▶ [AIM OF THE EXERCISE] If a line in the listing below contains "with", return that line.

▶ [RECORDS FOR THIS EXERCISE]
☆ ☆ ☆
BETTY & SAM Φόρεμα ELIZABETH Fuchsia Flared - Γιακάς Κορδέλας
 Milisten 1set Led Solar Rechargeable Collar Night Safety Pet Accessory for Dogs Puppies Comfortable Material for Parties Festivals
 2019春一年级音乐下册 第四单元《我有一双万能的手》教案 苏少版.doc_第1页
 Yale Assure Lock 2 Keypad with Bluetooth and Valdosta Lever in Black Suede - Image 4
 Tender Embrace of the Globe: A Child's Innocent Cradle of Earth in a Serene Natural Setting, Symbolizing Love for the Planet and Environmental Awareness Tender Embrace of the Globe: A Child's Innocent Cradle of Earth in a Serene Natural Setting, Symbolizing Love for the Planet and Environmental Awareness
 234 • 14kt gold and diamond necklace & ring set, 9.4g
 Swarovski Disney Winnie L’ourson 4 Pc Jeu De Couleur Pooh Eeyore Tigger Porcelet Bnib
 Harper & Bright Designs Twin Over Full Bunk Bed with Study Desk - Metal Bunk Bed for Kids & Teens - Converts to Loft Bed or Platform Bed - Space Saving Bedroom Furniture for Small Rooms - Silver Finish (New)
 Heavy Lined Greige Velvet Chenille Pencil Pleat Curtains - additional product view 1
☆ ☆ ☆
▶ [ANSWER SPACE]
 Yale Assure Lock 2 Keypad with Bluetooth and Valdosta Lever in Black Suede - Image 4
 Harper & Bright Designs Twin Over Full Bunk Bed with Study Desk - Metal Bunk Bed for Kids & Teens - Converts to Loft Bed or Platform Bed - Space Saving Bedroom Furniture for Small Rooms - Silver Finish (New)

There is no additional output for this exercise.